Dutch academic library association

UKB refers to the association of thirteen Dutch university libraries and Royal Library of the Netherlands (Koninklijke Bibliotheek, KB). Furthermore, associate members are Royal Netherlands Academy of Arts and Sciences (KNAW), the Open Universiteit, Dutch Research Council (Nederlandse Organisatie voor Wetenschappelijk Onderzoek NWO), and the Dutch Werkgroep Speciale Wetenschappelijke Bibliotheken (Special Scientific Libraries Working Group, WSWB).
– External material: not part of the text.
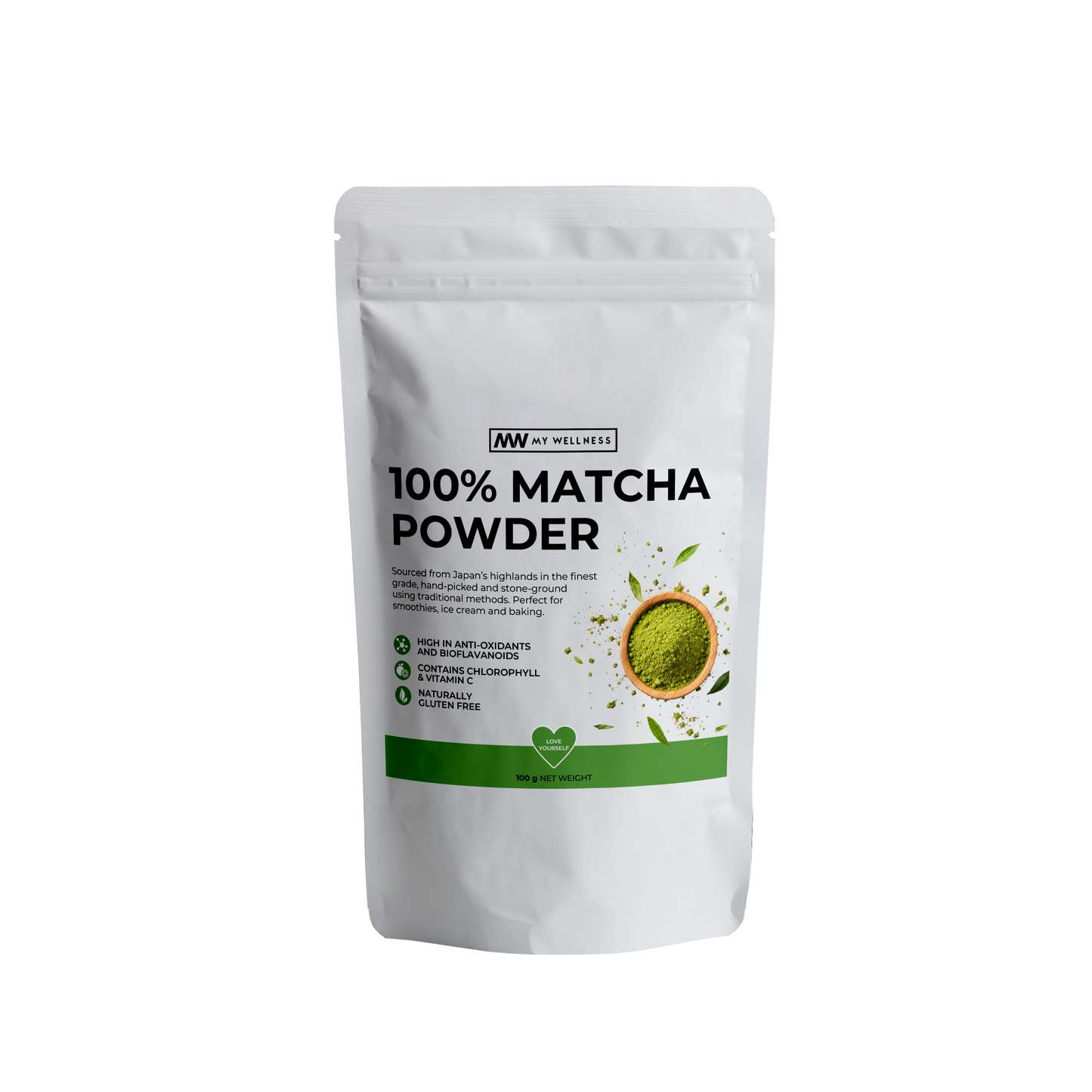 My Wellness 100% Matcha Powder 100g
UKB was founded in 1979 to improve the scientific information structure and knowledge cooperation between academic libraries in the Netherlands and internationally.
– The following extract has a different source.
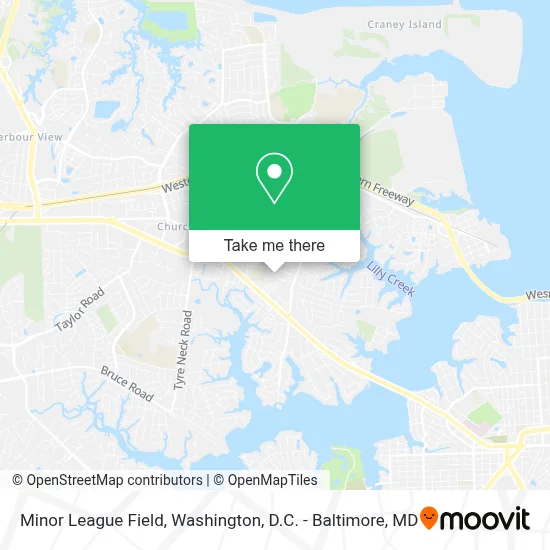 Minor League Field map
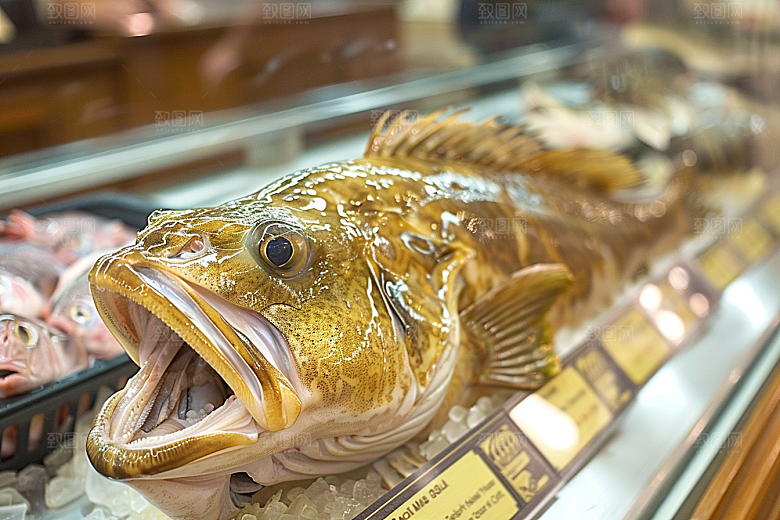 鳕鱼食材水产摄影图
The collaborating libraries could effect synergetic efficiency gains by, e.g., collective licensing negotiations with international publishers.

==University members==
UKB members include the libraries of the classical universities, alphabetically Delft University of Technology, Eindhoven University of Technology, Erasmus University Rotterdam, Leiden University, Maastricht University, Open University in the Netherlands, Radboud University, Tilburg University, University of Groningen, University of Twente, Utrecht University, University of Amsterdam, Vrije Universiteit Amsterdam, Wageningen University and Research Centre, and as associate member Open University of the Netherlands.